▶ [Material for this task]:
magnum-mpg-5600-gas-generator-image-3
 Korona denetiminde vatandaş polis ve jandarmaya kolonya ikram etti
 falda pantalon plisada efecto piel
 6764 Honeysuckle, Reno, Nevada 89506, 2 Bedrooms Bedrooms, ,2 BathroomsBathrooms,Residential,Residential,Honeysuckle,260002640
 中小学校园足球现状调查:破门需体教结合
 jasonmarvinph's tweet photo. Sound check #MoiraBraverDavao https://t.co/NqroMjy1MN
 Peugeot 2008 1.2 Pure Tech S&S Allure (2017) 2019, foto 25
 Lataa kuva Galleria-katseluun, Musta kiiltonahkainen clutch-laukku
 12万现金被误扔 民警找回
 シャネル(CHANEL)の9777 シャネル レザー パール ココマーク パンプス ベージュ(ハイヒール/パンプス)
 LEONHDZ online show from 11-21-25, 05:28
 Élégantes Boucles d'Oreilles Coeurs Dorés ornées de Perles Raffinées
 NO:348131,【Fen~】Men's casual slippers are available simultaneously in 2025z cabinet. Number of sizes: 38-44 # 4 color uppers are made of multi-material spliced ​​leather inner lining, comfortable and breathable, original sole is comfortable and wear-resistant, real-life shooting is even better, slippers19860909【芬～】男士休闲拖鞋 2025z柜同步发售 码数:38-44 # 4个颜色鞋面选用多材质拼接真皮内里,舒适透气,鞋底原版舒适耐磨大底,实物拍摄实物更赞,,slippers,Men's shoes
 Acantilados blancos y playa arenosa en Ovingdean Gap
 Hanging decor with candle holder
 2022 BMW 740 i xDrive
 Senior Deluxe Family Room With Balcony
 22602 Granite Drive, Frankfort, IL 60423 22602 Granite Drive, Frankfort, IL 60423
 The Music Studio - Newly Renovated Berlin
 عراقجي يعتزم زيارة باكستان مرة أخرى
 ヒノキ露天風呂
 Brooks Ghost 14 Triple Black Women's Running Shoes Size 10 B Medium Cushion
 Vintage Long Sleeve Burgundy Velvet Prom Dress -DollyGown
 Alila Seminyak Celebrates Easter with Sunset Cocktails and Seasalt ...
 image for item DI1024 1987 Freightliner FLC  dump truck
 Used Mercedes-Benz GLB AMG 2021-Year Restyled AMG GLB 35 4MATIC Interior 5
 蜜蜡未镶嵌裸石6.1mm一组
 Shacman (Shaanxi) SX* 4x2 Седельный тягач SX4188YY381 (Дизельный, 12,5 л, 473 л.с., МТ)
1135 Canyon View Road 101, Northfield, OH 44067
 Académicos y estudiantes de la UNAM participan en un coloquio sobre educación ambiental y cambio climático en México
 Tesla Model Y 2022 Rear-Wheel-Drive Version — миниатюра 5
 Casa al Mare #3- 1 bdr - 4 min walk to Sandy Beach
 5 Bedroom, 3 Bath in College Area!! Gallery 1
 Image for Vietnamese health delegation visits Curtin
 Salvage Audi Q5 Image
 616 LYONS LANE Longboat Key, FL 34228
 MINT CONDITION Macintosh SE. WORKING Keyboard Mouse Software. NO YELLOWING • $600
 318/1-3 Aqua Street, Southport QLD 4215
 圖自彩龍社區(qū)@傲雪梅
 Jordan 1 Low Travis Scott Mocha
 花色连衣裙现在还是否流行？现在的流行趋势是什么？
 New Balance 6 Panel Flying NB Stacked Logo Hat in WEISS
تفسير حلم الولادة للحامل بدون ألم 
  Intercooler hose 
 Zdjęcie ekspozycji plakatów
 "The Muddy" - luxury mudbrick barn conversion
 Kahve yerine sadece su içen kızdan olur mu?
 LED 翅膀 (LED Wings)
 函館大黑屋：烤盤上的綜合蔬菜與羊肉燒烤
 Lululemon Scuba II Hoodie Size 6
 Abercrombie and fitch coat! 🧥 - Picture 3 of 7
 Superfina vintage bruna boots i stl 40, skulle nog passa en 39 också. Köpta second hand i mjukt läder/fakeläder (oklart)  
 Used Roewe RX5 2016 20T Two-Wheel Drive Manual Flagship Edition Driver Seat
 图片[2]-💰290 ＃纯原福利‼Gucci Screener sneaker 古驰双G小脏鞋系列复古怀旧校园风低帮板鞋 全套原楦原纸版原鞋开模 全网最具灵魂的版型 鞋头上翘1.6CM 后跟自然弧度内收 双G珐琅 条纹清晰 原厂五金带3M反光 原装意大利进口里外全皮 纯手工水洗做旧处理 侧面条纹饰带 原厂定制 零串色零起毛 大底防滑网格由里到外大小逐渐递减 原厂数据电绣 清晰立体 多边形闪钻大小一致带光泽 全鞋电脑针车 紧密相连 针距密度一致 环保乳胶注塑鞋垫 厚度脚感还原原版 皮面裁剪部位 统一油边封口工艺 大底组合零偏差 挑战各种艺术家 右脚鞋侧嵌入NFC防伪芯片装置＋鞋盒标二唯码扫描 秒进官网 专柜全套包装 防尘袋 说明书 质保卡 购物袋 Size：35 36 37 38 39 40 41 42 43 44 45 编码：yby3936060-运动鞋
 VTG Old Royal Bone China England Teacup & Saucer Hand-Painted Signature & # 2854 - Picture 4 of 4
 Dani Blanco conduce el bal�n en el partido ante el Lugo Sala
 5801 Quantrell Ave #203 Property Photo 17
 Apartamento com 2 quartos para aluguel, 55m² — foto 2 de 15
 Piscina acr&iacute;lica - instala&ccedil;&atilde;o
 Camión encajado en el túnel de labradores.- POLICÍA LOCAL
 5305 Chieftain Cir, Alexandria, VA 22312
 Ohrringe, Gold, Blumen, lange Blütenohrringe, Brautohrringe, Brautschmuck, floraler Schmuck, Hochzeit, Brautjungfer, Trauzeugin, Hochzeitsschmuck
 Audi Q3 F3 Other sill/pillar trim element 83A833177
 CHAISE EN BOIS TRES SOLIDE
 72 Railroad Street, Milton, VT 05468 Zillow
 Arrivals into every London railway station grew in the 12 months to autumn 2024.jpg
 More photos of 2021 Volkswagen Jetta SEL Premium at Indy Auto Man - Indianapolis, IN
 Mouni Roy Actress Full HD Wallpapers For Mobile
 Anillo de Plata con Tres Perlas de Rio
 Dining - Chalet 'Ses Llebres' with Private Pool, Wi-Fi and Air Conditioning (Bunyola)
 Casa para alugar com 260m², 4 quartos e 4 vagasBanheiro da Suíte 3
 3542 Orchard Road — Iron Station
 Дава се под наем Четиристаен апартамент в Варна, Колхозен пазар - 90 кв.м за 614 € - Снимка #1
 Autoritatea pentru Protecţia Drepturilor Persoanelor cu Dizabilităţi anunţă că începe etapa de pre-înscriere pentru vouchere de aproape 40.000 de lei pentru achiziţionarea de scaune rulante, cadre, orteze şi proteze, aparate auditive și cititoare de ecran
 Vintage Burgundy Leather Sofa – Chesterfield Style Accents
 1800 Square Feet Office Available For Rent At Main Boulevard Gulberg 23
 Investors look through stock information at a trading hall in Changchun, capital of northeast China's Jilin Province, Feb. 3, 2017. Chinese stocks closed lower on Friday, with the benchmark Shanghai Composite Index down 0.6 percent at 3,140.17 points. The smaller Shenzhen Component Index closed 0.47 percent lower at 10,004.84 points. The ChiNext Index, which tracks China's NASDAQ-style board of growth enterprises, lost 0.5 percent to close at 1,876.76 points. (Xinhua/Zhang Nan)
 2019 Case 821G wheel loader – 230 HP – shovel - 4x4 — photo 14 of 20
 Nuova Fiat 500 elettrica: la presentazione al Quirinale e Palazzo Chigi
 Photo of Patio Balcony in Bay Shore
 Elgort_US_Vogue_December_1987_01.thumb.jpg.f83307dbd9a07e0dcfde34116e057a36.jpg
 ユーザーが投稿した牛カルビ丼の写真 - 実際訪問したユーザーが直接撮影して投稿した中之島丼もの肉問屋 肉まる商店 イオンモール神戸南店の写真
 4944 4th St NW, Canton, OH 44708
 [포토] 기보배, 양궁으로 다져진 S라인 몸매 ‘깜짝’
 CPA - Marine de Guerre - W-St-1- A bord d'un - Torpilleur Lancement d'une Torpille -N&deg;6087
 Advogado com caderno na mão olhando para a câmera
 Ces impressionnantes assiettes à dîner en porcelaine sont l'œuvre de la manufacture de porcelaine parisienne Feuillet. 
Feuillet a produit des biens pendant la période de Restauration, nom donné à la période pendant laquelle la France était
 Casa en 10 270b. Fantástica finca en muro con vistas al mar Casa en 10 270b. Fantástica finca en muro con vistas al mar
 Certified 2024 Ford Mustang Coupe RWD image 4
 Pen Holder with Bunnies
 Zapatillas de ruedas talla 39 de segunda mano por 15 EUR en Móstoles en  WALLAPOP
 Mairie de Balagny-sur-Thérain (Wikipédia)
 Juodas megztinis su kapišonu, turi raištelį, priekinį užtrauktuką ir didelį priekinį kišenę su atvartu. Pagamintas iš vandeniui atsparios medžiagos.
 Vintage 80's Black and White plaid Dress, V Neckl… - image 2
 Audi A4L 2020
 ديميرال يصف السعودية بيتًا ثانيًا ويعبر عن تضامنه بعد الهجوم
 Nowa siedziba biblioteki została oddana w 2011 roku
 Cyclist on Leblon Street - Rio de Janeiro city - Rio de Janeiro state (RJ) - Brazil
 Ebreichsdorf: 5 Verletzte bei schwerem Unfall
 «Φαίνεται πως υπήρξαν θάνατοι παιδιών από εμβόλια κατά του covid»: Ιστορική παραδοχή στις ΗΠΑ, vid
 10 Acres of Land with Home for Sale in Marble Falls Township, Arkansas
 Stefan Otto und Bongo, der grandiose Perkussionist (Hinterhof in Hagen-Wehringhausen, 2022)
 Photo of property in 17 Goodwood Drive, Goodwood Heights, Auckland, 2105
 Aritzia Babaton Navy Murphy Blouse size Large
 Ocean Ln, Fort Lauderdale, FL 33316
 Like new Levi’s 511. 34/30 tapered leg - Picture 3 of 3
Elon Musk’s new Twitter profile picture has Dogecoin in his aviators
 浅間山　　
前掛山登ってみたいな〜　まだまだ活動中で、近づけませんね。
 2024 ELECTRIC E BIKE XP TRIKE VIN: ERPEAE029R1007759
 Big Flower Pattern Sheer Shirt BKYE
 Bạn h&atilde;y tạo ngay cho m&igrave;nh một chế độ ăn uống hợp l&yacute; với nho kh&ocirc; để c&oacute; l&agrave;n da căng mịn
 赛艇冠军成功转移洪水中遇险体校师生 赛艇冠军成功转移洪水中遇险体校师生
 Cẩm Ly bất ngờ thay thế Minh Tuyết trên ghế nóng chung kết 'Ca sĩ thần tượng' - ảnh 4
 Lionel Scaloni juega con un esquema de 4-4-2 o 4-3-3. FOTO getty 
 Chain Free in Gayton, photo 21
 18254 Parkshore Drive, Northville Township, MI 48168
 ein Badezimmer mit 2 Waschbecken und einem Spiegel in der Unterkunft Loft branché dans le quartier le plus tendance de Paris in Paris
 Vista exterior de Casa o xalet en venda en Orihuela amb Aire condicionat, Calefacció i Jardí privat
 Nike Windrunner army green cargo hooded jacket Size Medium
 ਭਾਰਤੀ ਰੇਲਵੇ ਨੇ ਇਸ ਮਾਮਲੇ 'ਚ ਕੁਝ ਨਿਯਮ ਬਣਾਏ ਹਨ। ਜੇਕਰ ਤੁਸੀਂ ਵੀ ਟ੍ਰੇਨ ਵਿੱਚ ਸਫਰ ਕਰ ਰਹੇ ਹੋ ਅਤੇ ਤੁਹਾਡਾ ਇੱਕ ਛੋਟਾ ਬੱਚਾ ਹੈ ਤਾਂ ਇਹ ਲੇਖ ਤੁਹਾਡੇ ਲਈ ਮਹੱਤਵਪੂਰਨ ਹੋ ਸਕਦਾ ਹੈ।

▶ [Exercise prompt]:
Beginning at the first line of the records, retype exactly every line up to and including the one with "12万现金被误扔 民警找回".

▶ [Expected answer]:
magnum-mpg-5600-gas-generator-image-3
 Korona denetiminde vatandaş polis ve jandarmaya kolonya ikram etti
 falda pantalon plisada efecto piel
 6764 Honeysuckle, Reno, Nevada 89506, 2 Bedrooms Bedrooms, ,2 BathroomsBathrooms,Residential,Residential,Honeysuckle,260002640
 中小学校园足球现状调查:破门需体教结合
 jasonmarvinph's tweet photo. Sound check #MoiraBraverDavao https://t.co/NqroMjy1MN
 Peugeot 2008 1.2 Pure Tech S&S Allure (2017) 2019, foto 25
 Lataa kuva Galleria-katseluun, Musta kiiltonahkainen clutch-laukku
 12万现金被误扔 民警找回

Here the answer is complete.